──────── Material shown
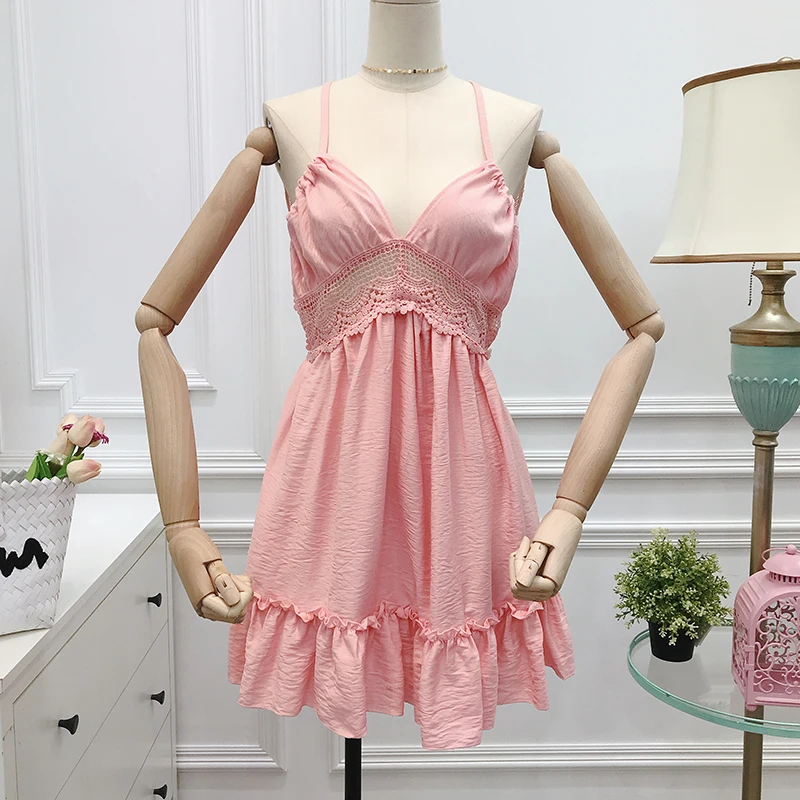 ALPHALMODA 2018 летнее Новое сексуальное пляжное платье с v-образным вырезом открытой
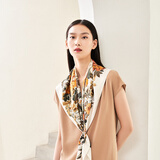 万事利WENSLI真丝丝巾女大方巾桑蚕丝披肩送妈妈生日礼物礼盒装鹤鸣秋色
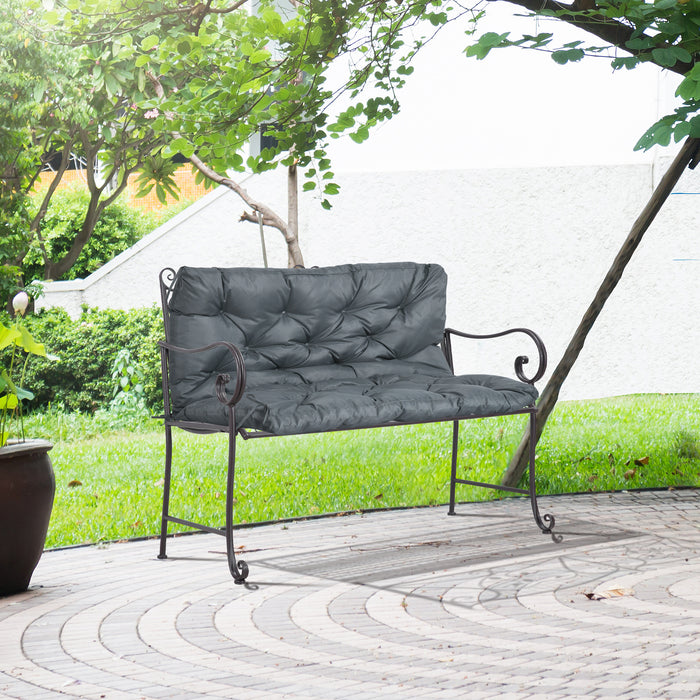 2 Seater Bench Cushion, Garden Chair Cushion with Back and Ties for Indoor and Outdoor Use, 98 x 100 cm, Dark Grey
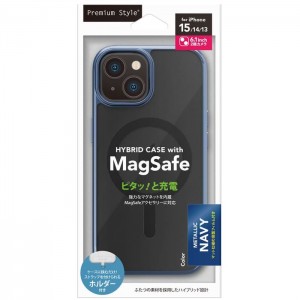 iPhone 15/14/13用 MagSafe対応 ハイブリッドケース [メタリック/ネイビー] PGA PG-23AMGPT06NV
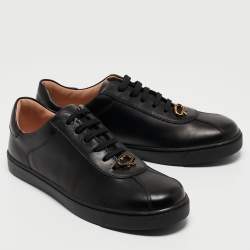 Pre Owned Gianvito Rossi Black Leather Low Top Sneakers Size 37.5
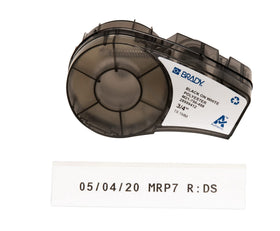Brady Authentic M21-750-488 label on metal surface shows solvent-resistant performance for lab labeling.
────────────────
Required work
Please repeat the data above exactly as it appears, pictures excluded.

Written answer
 ALPHALMODA 2018 летнее Новое сексуальное пляжное платье с v-образным вырезом открытой
 万事利WENSLI真丝丝巾女大方巾桑蚕丝披肩送妈妈生日礼物礼盒装鹤鸣秋色
 2 Seater Bench Cushion, Garden Chair Cushion with Back and Ties for Indoor and Outdoor Use, 98 x 100 cm, Dark Grey
 iPhone 15/14/13用 MagSafe対応 ハイブリッドケース [メタリック/ネイビー] PGA PG-23AMGPT06NV
 Pre Owned Gianvito Rossi Black Leather Low Top Sneakers Size 37.5
Brady Authentic M21-750-488 label on metal surface shows solvent-resistant performance for lab labeling.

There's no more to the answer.